The quality of a judgment usually depends on the information available to the judge and the impartiality of that judge. A judgment may be positive, negative, or neutral. Once a judgment has been rendered, the question becomes what should we do when asked about it? There are several options. We could say nothing or “no comment” and let the matter drop. We could say nothing publicly and rebuke, admonish, or praise in private. We could announce our judgment in an appropriate forum. Finally, we could use the public forum that posed the question to instruct viewers on precisely what the Catholic position on the subject is and emphasize that we love the sinner but hate the sin.
It is love that sometimes prompts us to speak out when the stakes are high. “Do not be deceived; neither fornicators, nor idolaters, nor boy prostitutes nor sodomites … will inherit the kingdom of God” (1 Cor 6: 9 – 10). Cardinal Dolan squandered an opportunity to instruct not only the sinner, but also the confused and ignorant about what the beautiful teaching of the Catholic Church is. How could Cardinal Dolan add “bravo” to the end of his response? This poor homosexual must choose either a lifetime of celibate self-denial or risk eternal damnation for indulging in sexual sin.
Most priests, bishops, cardinals, and popes are good men dedicated to the service of God. But they are subject to error, bias, and vanity like everyone else. Sycophancy is an ever present danger. The Peter Principle that states that people tend to be promoted one level beyond their level of competence clearly applies at times to members of the Church hierarchy. Over recent years, we have seen sound judgment too often impaired by cowardice that masquerades as prudence and by capitulation to the zeitgeist that camouflages itself as pastoral concern.
In the modern world, instant widespread communication in many different kinds of media exposes mercilessly the shortcomings that may occur in public conversations and events. Loquacious people like Cardinal Dolan are especially vulnerable. Transparency and candor are welcome characteristics, but the Church hierarchy must learn to control the narrative.

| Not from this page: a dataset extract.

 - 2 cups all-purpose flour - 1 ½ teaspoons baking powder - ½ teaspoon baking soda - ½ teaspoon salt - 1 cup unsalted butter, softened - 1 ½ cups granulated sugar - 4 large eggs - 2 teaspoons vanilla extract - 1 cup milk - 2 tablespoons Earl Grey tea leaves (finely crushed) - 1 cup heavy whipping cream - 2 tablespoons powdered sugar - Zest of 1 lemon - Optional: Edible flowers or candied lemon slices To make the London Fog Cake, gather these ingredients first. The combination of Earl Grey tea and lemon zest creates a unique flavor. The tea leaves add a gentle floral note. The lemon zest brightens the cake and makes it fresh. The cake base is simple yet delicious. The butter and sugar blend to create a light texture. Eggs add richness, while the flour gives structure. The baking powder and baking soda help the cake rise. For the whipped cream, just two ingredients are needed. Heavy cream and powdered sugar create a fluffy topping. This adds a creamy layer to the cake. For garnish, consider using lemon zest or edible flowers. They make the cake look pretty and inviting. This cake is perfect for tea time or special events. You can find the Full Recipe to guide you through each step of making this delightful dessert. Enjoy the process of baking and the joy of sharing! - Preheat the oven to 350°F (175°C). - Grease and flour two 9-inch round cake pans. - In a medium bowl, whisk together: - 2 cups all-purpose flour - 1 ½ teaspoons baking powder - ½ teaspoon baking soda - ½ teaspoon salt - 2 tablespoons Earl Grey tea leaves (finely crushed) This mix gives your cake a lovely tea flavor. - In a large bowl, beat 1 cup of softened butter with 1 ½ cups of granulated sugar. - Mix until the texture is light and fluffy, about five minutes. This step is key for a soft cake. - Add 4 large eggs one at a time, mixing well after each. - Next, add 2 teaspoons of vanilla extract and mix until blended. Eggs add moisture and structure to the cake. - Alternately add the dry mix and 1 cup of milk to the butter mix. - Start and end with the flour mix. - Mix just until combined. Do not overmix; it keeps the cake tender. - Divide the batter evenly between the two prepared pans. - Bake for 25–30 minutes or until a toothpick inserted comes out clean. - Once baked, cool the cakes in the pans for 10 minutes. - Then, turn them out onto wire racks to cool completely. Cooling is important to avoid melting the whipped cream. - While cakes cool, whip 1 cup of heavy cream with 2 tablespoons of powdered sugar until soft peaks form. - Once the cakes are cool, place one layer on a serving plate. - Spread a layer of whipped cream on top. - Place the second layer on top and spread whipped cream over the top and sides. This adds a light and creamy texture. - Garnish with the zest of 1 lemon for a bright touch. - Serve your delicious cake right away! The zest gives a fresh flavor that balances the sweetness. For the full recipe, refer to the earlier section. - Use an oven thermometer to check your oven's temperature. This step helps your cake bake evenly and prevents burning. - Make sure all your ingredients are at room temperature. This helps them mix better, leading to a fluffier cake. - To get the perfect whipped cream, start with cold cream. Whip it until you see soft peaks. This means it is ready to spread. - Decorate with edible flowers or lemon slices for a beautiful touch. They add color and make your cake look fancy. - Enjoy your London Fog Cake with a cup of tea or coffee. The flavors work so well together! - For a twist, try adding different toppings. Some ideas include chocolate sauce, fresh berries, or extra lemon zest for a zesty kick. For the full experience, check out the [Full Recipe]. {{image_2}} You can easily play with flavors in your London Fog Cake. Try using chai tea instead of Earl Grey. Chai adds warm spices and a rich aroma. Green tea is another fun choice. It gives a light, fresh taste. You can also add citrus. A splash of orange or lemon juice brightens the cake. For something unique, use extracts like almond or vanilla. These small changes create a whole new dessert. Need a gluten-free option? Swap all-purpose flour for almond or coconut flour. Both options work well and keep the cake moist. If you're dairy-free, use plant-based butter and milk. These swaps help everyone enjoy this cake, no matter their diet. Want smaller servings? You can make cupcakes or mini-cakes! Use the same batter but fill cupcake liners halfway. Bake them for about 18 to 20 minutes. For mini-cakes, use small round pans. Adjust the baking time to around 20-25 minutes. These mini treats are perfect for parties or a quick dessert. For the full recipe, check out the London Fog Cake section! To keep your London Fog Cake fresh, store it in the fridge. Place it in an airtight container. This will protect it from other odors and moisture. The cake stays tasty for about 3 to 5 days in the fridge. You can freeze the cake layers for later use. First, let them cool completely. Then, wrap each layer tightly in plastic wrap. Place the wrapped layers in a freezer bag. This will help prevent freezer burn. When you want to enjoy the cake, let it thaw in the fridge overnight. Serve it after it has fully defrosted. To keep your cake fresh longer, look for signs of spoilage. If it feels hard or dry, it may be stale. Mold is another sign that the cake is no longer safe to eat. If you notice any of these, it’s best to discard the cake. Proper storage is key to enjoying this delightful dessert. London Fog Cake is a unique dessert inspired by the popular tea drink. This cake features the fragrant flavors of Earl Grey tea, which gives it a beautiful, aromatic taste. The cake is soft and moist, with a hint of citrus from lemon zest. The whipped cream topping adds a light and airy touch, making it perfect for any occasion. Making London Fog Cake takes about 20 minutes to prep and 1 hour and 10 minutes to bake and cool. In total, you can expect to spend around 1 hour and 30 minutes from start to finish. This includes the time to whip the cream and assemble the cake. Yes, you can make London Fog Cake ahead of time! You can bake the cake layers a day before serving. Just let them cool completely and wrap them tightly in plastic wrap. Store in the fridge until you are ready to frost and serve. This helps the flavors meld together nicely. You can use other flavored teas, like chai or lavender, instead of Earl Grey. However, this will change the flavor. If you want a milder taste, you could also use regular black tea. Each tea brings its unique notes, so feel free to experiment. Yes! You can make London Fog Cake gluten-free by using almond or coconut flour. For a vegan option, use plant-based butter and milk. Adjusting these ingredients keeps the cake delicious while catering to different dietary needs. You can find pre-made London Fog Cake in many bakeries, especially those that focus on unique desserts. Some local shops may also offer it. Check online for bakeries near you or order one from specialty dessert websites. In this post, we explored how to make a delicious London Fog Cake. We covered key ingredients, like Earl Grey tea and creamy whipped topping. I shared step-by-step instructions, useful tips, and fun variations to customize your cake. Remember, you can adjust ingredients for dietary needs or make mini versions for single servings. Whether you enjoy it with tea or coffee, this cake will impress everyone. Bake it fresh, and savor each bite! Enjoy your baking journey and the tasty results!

So let us pray that God will give us the courage to make sound judgments and the wisdom to use those judgments for the benefit of his children. Judges would do well to remember Paul’s advice to Timothy: “Avoid foolish and ignorant debates, for you know that they breed quarrels. A slave of the Lord should not quarrel, but should be gentle with everyone, able to teach, tolerant, correcting opponents with kindness. It may be that God will grant them repentance that leads to knowledge of the truth, and that they may return to their senses out of the devil’s snare, where they are entrapped by him, for his will” (2 Tim 2: 23 – 26).